- _Records provided_
· · · ·

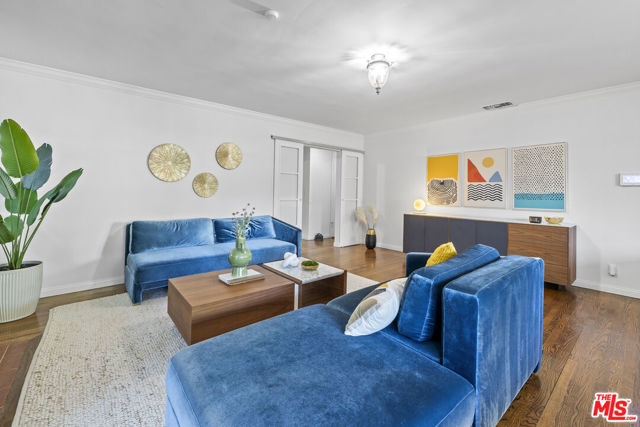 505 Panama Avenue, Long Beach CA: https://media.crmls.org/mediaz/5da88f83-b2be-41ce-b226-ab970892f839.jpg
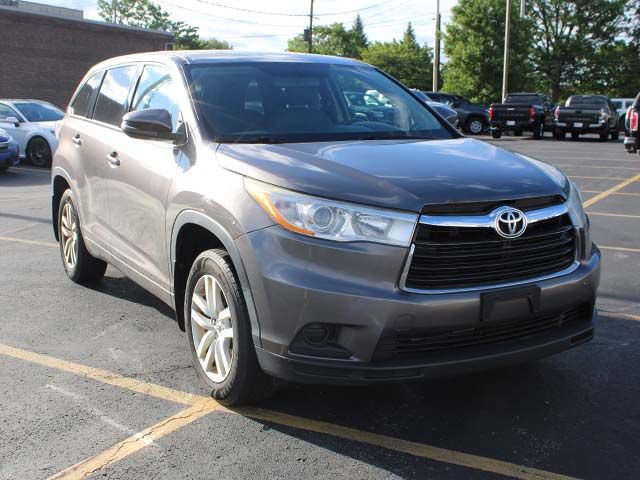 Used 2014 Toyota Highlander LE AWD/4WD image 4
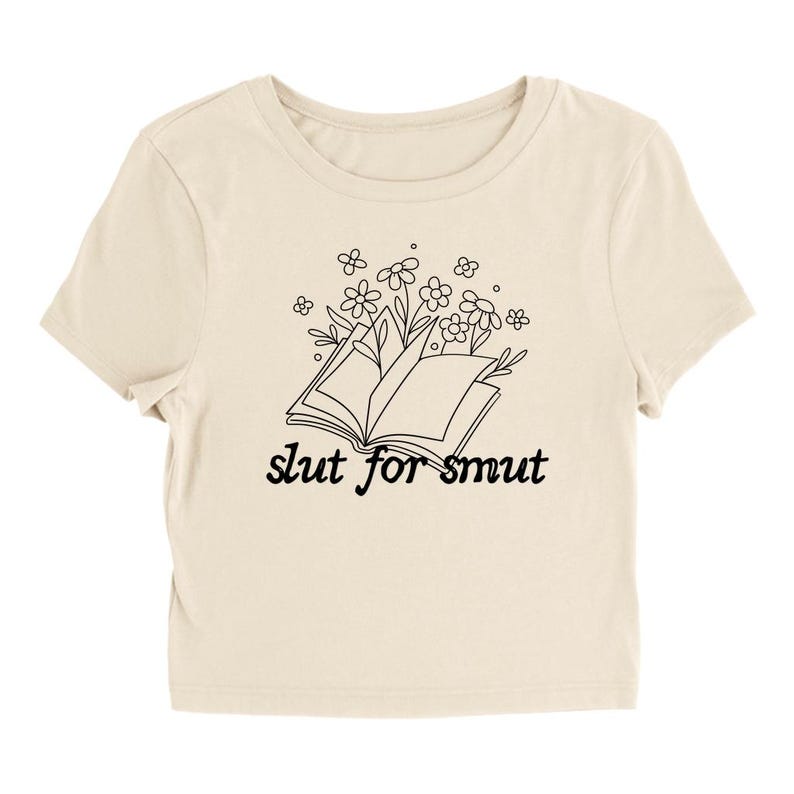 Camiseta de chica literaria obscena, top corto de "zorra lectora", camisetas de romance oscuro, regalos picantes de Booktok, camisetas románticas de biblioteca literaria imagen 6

· · · ·

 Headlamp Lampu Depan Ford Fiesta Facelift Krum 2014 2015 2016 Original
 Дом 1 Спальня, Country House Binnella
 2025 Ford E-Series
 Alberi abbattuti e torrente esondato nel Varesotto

· · · ·

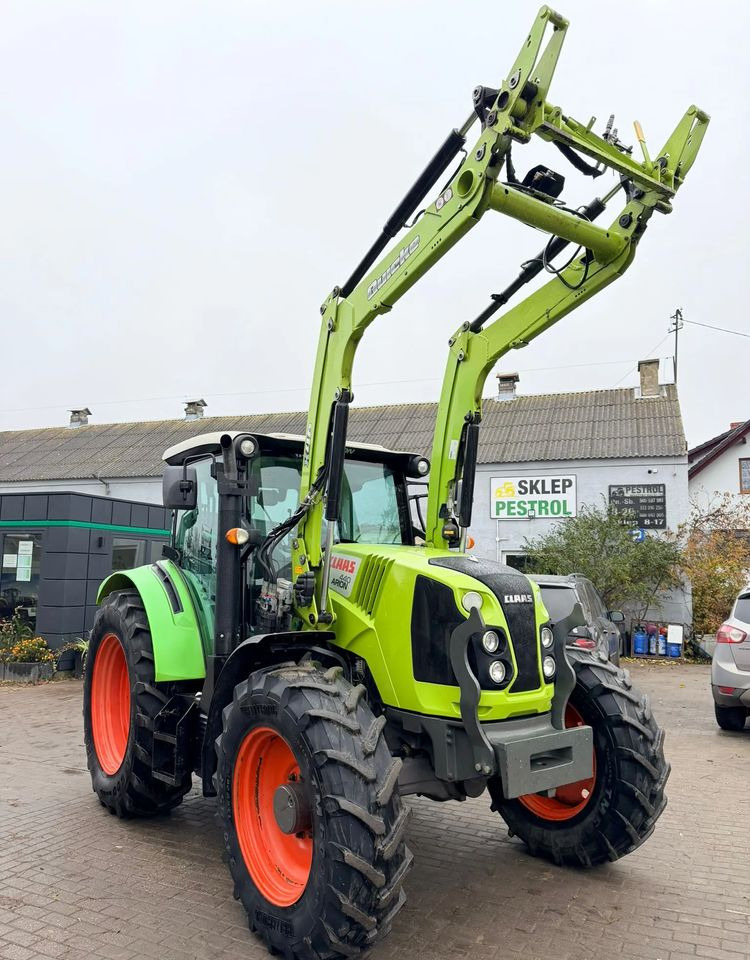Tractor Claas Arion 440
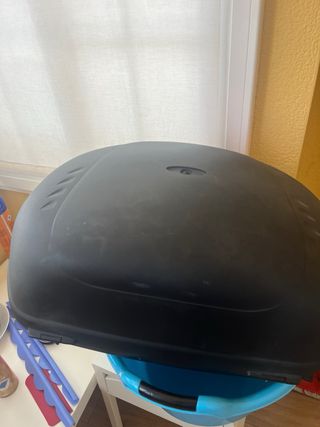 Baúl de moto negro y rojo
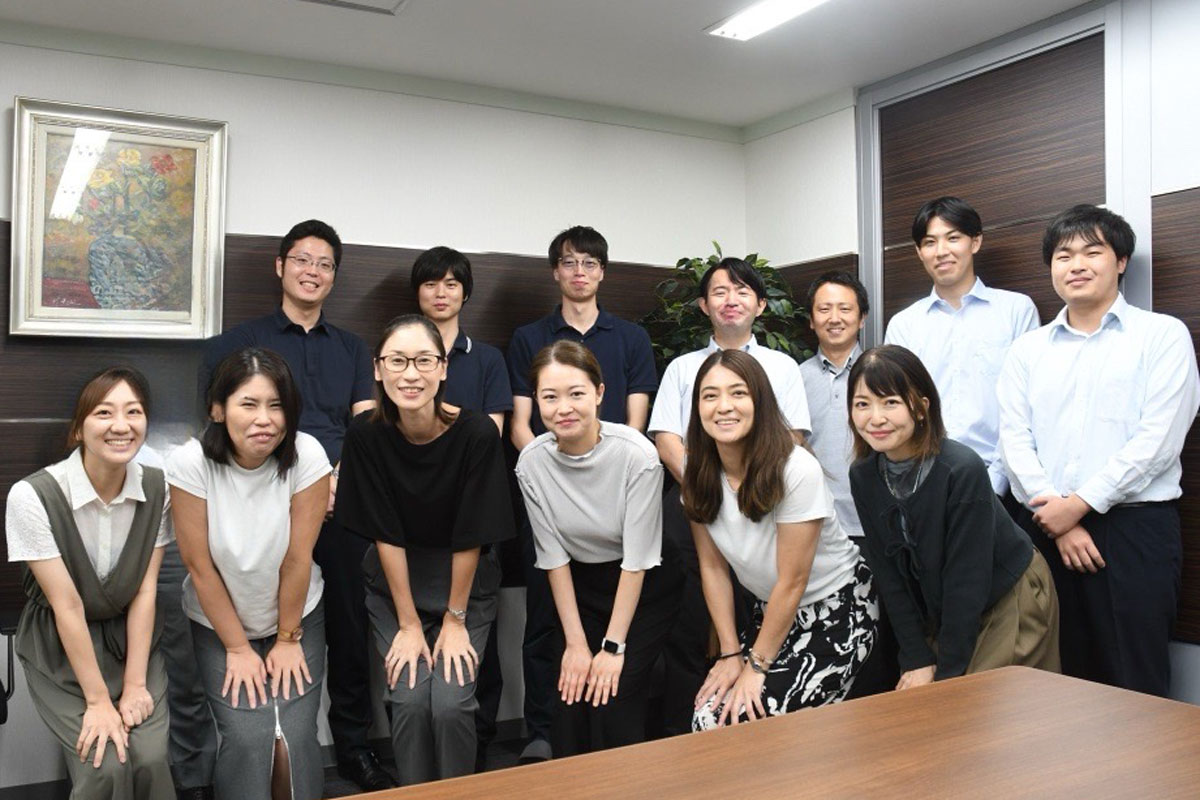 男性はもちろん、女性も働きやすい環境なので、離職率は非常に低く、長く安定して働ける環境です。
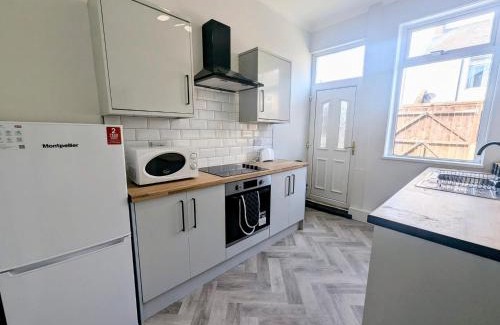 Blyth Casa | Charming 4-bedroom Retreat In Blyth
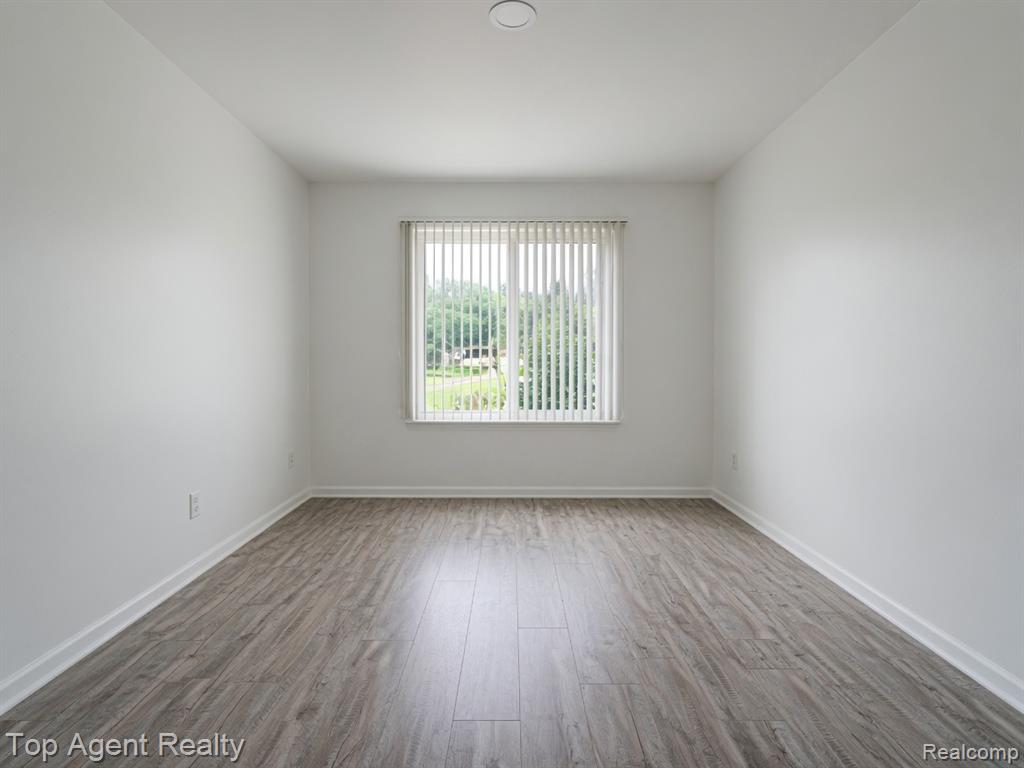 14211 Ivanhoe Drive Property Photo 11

· · · ·

Taking the line with "2025 Ford E-Series" as the first and the line with "Alberi abbattuti e" as the last, retype that stretch of the data above exactly, with no other lines.

- _Expected answer_
 2025 Ford E-Series
 Alberi abbattuti e torrente esondato nel Varesotto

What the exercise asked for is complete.